North Korea Ramped Up Cyberattacks While Talking Peace with Seoul

In this Jan.23 2018 file photo, a French solider watches code lines on his computer at the French Defense ministry stand during the International Cybersecurity forum in Lille, northern France. Police in Europe and North America have seized servers and data from Islamic State propaganda outlets in a multi-country operation …
AP Photo/Michel Spingler

According to a Wall Street Journal report on Friday, North Korea significantly escalated the pace of its cyberattacks against South Korea in April, even as dictator Kim Jong-un held a historic summit with South Korean President Moon Jae-in and planned for a summit meeting with U.S. President Donald Trump.

The WSJ lists a broad range of targets for North Korea’s hacker onslaught:

The South Korean government is reviewing the cyberattacks, which started in the lead-up to the inter-Korean summit in April and continued through at least Wednesday, the people said. Early indications, based on the malware and targets, strongly suggest North Korea was the culprit, the people said.

The groups targeted include South Korean financial companies and organizations that focus on North Korea, the people said, with hackers seeking sensitive information. As with nearly all cyberbreaches, it is unclear how many computers were infected or what precisely was stolen.

Among the organizations affected were the Sejong Institute, an independent think tank, and the South-North Sharing Campaign, a left-leaning group that sends aid to North Korea.

The Wall Street Journal notes that North Korea has relied on its hackers to ease the pain of sanctions by raiding cryptocurrency exchanges and banks. The current wave of cyberattacks could be a last-ditch effort to exploit certain vulnerabilities in Microsoft browser software, which South Korea has been slow to correct by updating its computer systems. Another possibility is that Pyongyang’s hacker army was laying the groundwork for cyberwarfare retaliation against South Korea if negotiations collapse.

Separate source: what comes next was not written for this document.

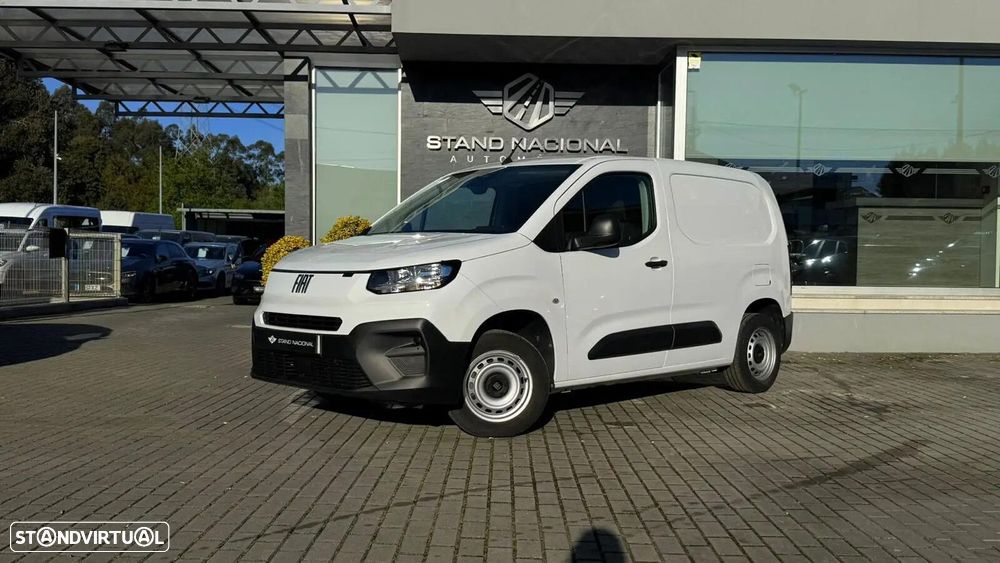 Fiat Doblo Outro - 1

Retaliation might not be limited to South Korea. A report by Britain’s Defense Committee in April judged that the risk to the UK from “reckless cyberattacks” by North Korea is greater than the threat currently posed by North Korean missiles. The same report cited substantial evidence that China has assisted North Korea with developing its formidable cyberwarfare capabilities.

Priscilla Moriuchi, director of strategic threat development at Recorded Future, told UK Computing on Friday that the United States can expect cyberattacks from North Korea as well:

Cancellation of this summit with Kim will likely have larger implications than if President Trump never accepted the invitation in the first place. This will be viewed by North Korean leadership as a slight against the Kim family which will raise the demand for a response.

We expect that there will be some type of cyber-retaliation, most likely denial-of-service or other disruptive attacks against US government departments or military networks, defence contractors, and large American multinationals. Given the high degree of perceived offense against the Kim family, this response will likely occur in the coming weeks and months.

Lastly, the timing of the cancellation, right before the Memorial Day holiday in the United States, is consistent with the historic timing of North Korean cyber attacks in the past.

Security analysts say North Korea’s cyberwar capabilities have improved significantly over the past year, peaking with “Operation GhostSecret,” a hacking campaign directed at infrastructure, financial, and telecom systems in 17 different countries. Some analysts think Operation GhostSecret was intended to show the world what North Korea’s “Hidden Cobra” cyber-army is now capable of.